■ To do ■
Please write out exactly the lines of the data below from the line holding "We have two" through the line holding "Namaste, my friend.", and leave out the rest.

■ The input ■
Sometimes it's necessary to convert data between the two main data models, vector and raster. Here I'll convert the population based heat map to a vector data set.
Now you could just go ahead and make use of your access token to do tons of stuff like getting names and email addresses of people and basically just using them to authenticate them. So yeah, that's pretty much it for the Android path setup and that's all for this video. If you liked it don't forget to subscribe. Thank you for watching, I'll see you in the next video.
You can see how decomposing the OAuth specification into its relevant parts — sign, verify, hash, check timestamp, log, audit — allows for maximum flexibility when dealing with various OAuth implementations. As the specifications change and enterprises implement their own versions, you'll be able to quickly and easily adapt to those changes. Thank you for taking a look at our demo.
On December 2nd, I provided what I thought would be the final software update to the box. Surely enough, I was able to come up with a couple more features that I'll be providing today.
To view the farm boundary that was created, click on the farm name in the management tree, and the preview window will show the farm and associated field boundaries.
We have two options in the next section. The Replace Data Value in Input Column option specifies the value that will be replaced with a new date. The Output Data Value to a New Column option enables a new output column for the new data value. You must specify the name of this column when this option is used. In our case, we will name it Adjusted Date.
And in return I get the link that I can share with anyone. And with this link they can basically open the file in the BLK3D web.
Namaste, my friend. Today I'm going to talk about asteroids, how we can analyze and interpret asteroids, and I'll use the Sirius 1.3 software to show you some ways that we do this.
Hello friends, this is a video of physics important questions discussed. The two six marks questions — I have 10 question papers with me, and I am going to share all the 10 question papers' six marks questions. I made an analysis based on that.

...

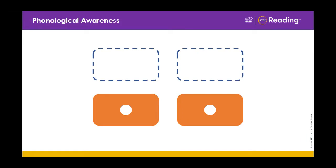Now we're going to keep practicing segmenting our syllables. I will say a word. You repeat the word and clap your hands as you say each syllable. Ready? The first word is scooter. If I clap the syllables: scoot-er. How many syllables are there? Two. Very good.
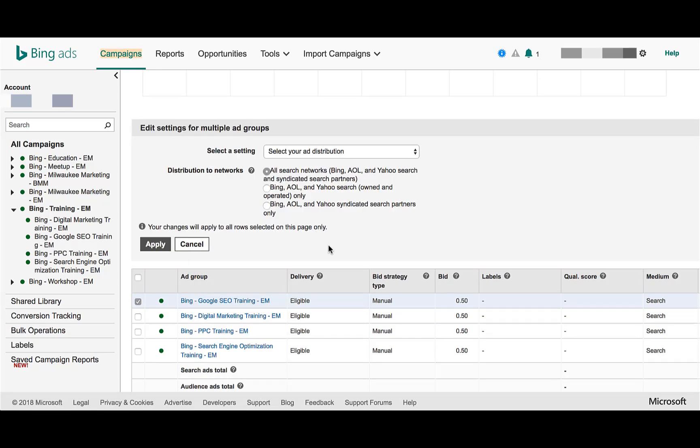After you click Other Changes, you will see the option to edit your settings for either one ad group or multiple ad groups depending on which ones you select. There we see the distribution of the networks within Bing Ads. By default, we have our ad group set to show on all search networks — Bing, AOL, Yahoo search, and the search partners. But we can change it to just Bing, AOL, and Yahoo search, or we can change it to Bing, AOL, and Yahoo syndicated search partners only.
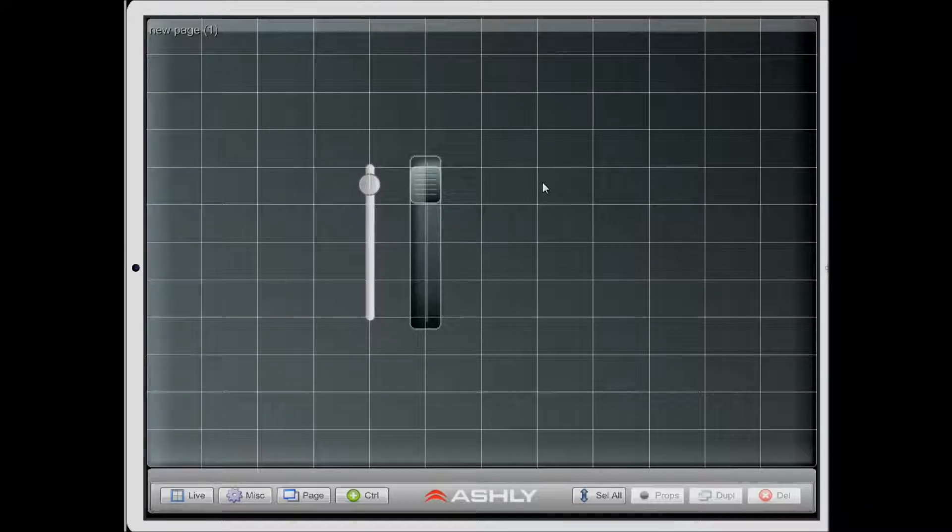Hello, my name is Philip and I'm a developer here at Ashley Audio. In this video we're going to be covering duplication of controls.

--

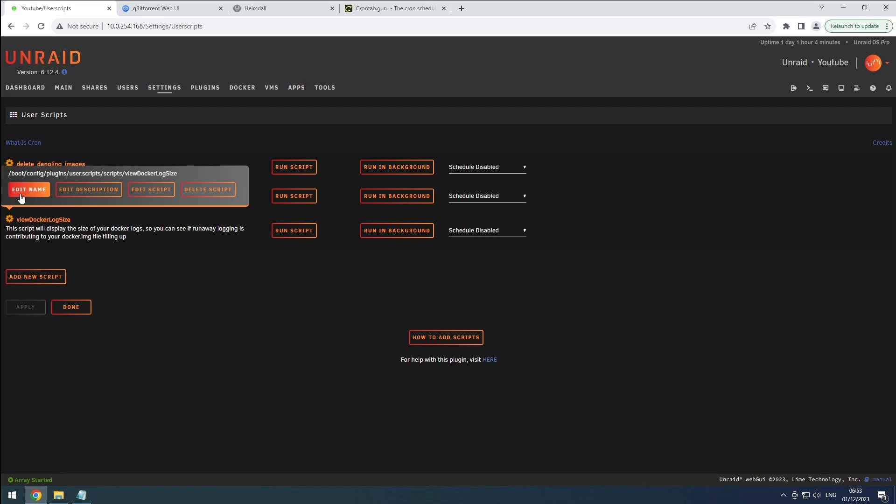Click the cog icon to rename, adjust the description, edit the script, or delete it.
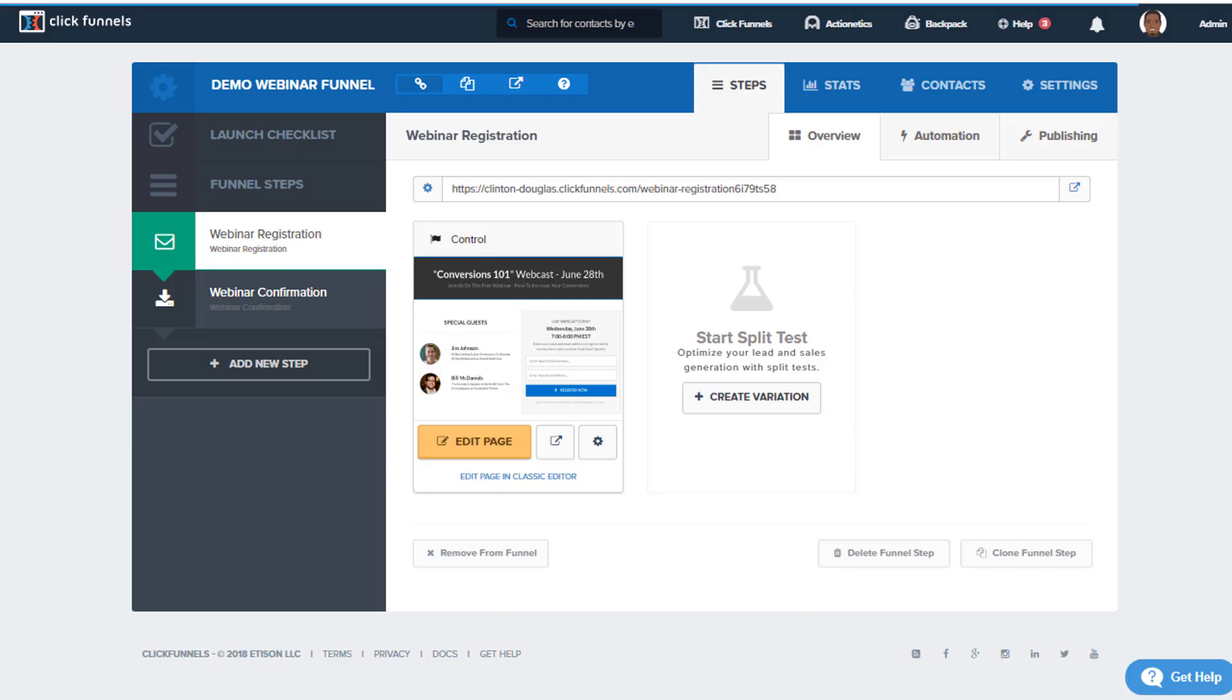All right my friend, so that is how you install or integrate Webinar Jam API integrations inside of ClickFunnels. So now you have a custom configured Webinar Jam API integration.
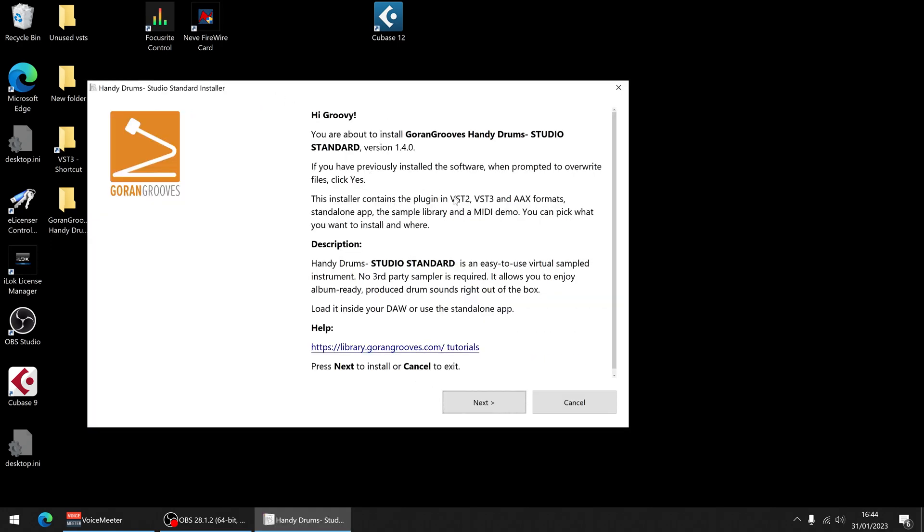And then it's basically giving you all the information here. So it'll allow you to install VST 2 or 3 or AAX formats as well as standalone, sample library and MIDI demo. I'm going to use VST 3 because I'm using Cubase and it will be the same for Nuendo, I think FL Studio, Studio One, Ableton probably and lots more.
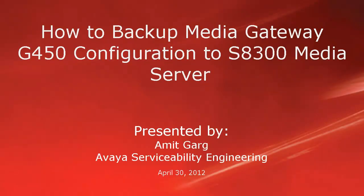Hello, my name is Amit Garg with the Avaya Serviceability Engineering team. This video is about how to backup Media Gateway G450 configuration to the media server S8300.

■ Solution to this problem ■
We have two options in the next section. The Replace Data Value in Input Column option specifies the value that will be replaced with a new date. The Output Data Value to a New Column option enables a new output column for the new data value. You must specify the name of this column when this option is used. In our case, we will name it Adjusted Date.
And in return I get the link that I can share with anyone. And with this link they can basically open the file in the BLK3D web.
Namaste, my friend. Today I'm going to talk about asteroids, how we can analyze and interpret asteroids, and I'll use the Sirius 1.3 software to show you some ways that we do this.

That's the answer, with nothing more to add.